Chinsali is a town in Zambia, which is both the district headquarters of Chinsali District and provincial headquarters of Muchinga Province.

==Location==
It lies just off the road between Mpika and Isoka (Tanzam Highway; Zambia's Great North Road), about 90 km southwest of Isoka. This is about 176 km north-north-east of Mpika.

Chinsali is located approximately 824 km, by road, north-east of the city of Lusaka, the capital and largest city in the country.

The geographical coordinates of Chinsali Town are 10°33'08.0"S, 32°04'09.0"E (Latitude:-10.552222; Longitude:32.069167). The town is nestled at an average elevation of 1383 m above mean sea level.

==Population==
The 1990 national population census enumerated 7,509 people in Chinsali.
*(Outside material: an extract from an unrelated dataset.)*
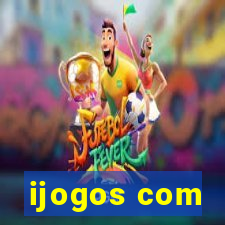 ijogos com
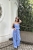 IMG_E5098.jpg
In 2000, the population census that year put the town's population at 11,507. In 2010, that year's population census gave the population total as 15,198. Central Statistical Office Zambia calculated that the population of Chinsali increased at an average rate of 2.82 percent annually, between 2000 and 2010.

==Overview==
Chinsali is home mainly to the Bemba people, and to their Senior Chief Nkula who is eligible to ascend to the throne of Paramount Chief of the Bemba People based in Mungwi District of Northern Province.
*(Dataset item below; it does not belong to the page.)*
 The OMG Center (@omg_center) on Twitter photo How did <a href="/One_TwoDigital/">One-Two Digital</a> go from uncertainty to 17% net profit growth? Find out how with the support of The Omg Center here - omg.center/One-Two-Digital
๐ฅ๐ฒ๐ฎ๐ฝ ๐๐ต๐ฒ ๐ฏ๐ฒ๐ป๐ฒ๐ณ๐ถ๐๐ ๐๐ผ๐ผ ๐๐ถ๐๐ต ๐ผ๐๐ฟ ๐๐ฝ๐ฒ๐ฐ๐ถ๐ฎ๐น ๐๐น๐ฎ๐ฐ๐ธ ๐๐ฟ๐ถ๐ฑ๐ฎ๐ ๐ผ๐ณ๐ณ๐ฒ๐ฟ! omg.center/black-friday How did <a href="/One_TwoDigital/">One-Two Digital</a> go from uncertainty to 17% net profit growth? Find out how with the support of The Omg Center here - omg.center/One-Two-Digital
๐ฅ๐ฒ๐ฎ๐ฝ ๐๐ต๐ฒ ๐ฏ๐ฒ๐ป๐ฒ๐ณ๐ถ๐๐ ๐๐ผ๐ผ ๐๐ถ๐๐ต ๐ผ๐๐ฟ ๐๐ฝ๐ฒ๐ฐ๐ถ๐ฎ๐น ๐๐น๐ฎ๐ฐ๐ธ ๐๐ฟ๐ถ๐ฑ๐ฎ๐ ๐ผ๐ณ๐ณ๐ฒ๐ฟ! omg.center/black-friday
===Chinsali's notable people===
Notable people originating from Chinsali include:
- Naomi Chanda, farmer and agriculture trainer
- Simon Mwansa Kapwepwe (1922 - 1980), politician, anti-colonialist, author and Zambia's second vice-president (1967 - 1970).
- Kenneth Kaunda, Zambia's first president. Kaunda (1924 - 2021), born at Lubwa Mission, southwest of Chinsali.
- Alice Lenshina (1920 – 1978), founder and leader the Lumpa Church, a controversial sect embracing a mixture of Christian and animist beliefs.